August 3, 2018 –The U.S. Senate earlier this week approved a funding bill that an includes an amendment to increase the budget for the U.S. Food and Drug Administration’s imported seafood inspection program. H.R. 6147, the Interior, Environment, Financial Services and General Government Appropriations Act for 2019, passed by a 92-6 margin on Wednesday, 1 August.
Last week, the Senate added USD 3.1 million (EUR 2.7 million) for FDA inspections for the 2019 fiscal year, which starts on 1 October. That increase, approved by an 87-11 vote, represents a 26 percent rise in funding from this year.

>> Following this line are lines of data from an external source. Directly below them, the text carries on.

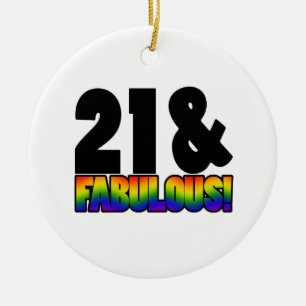 Décoration En Céramique Fabuleux Gay 21e anniversaire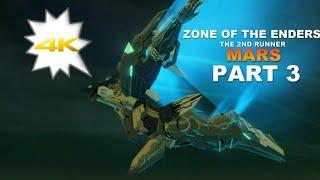 ZONE OF THE ENDERS: THE 2ND RUNNER MARS WALKTHROUGH PART 3- FIRST BATTLE WITH NEPTHIS (VIOLA A.I) 4K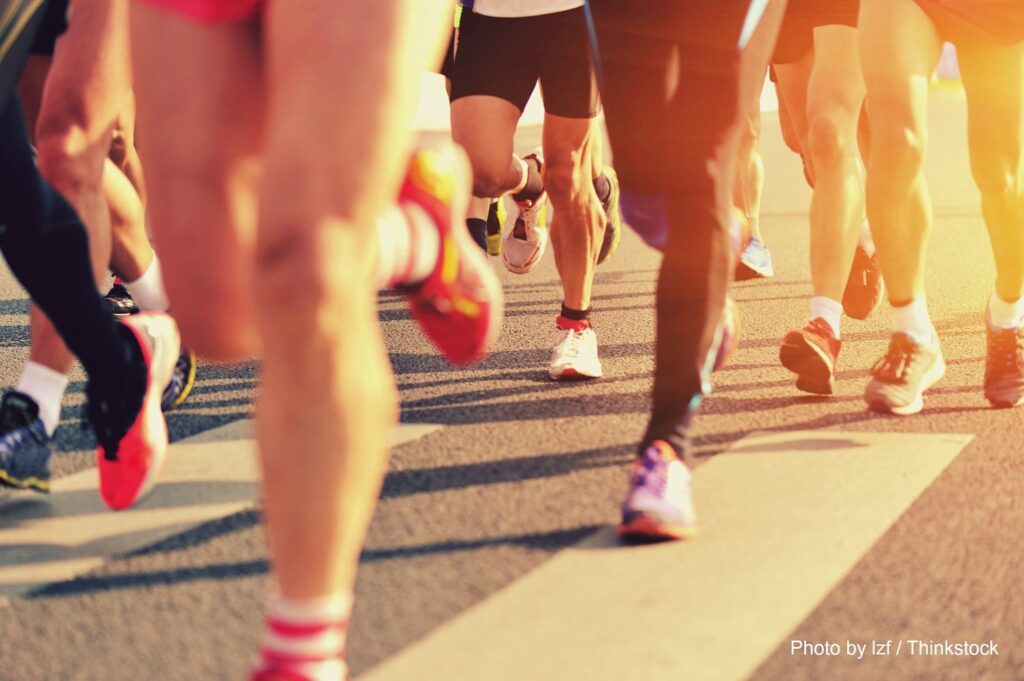 Runners participating in a race from Run Lehigh Valley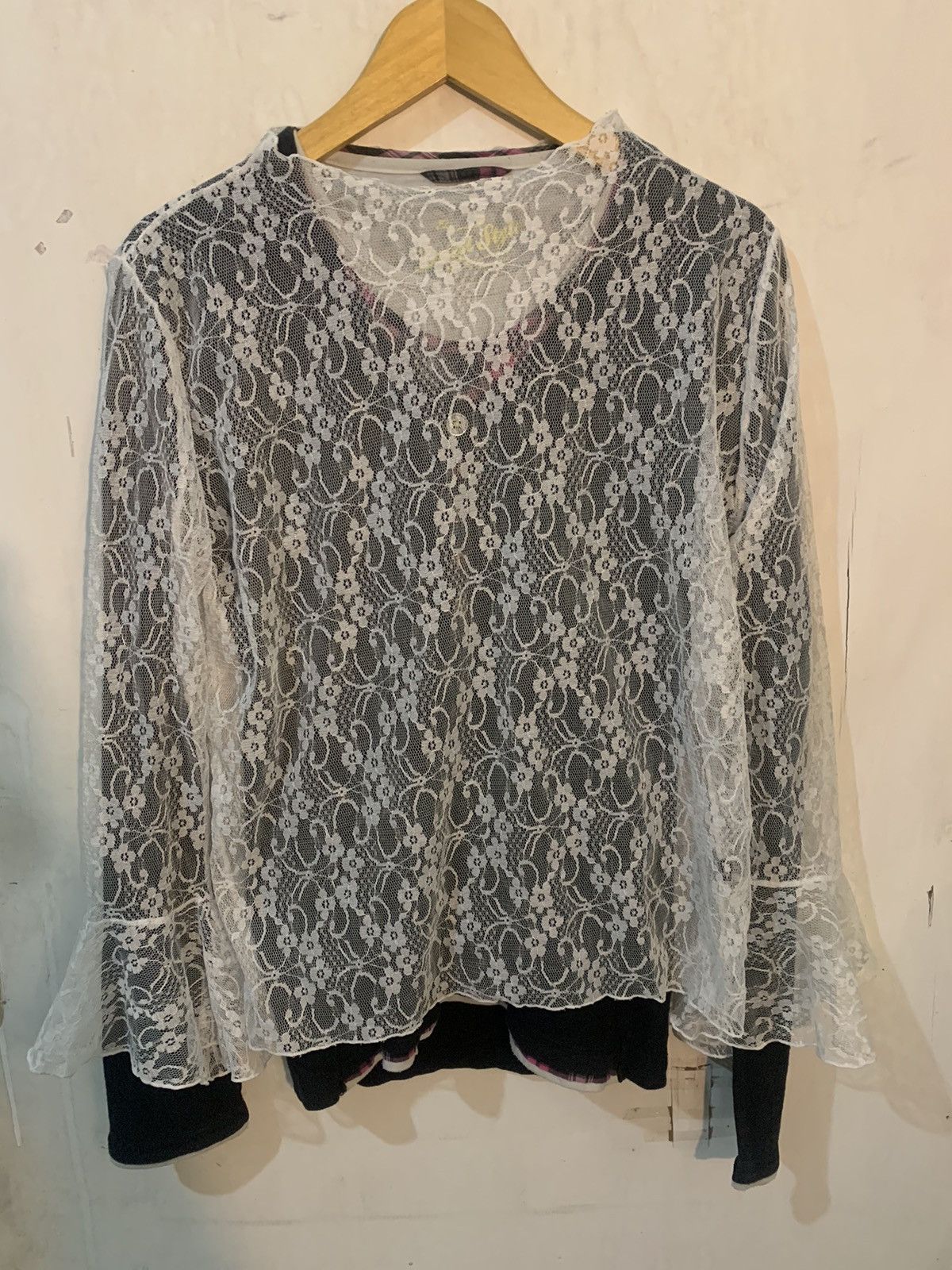 Hysteric Glamour × If Six Was Nine × Le Grande Bleu (L.G.B.) Japanese floral long-sleeved mesh t-shirt Size US L / EU 52-54 / 3 - 1 Thumbnail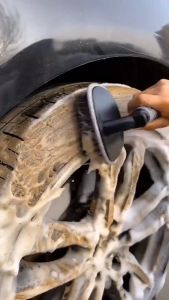 CHỔI RỬA CỌ LỐP VÀ MÂM Ô TÔ LAZANG VÀ XE MÁY CHUYÊN DỤNG TAY CẦM CHẮC CHẮN CHỐNG TRƠN TRƯỢT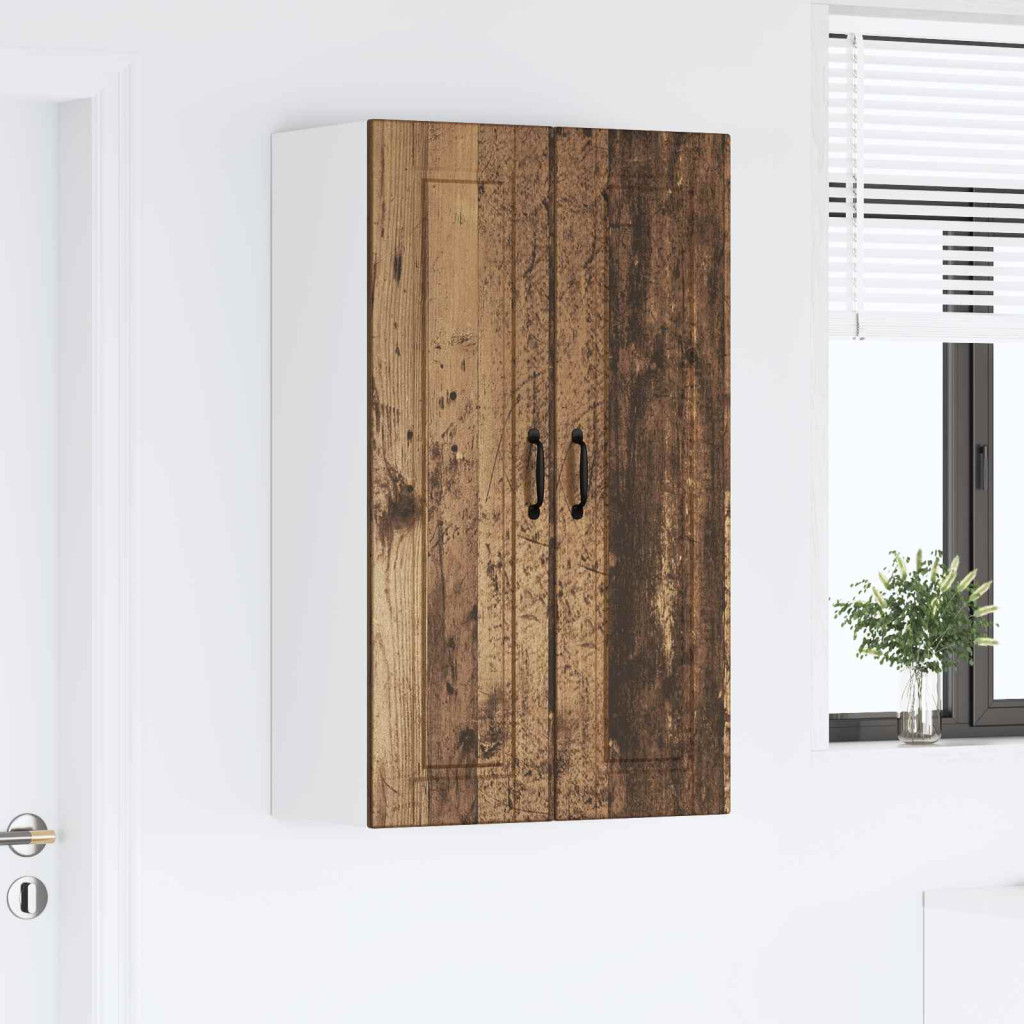 Konyhaszekrény polcokkal Öreg fa 60 x 31 x 100 cm Faanyag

U.S. Senator John Kennedy (R-Louisiana) offered the amendment after meeting with shrimp industry representatives from his home state earlier this year. Inspections of seafood imports have been a point of concern for American seafood producers, who note that imports raised in foreign fish farms can be treated with antibiotics and other drugs not approved by the FDA.
“Shrimpers are proud to provide American families with healthy, wholesome, sustainably harvested seafood and we are grateful by our representatives’ insistence that everyone play by the same rules,” said John Williams, the executive director of the Southern Shrimp Alliance, in a statement after the Senate added the amendment on 24 July. “The Senate’s action yesterday demonstrates that shrimpers’ voices are heard in Washington DC.”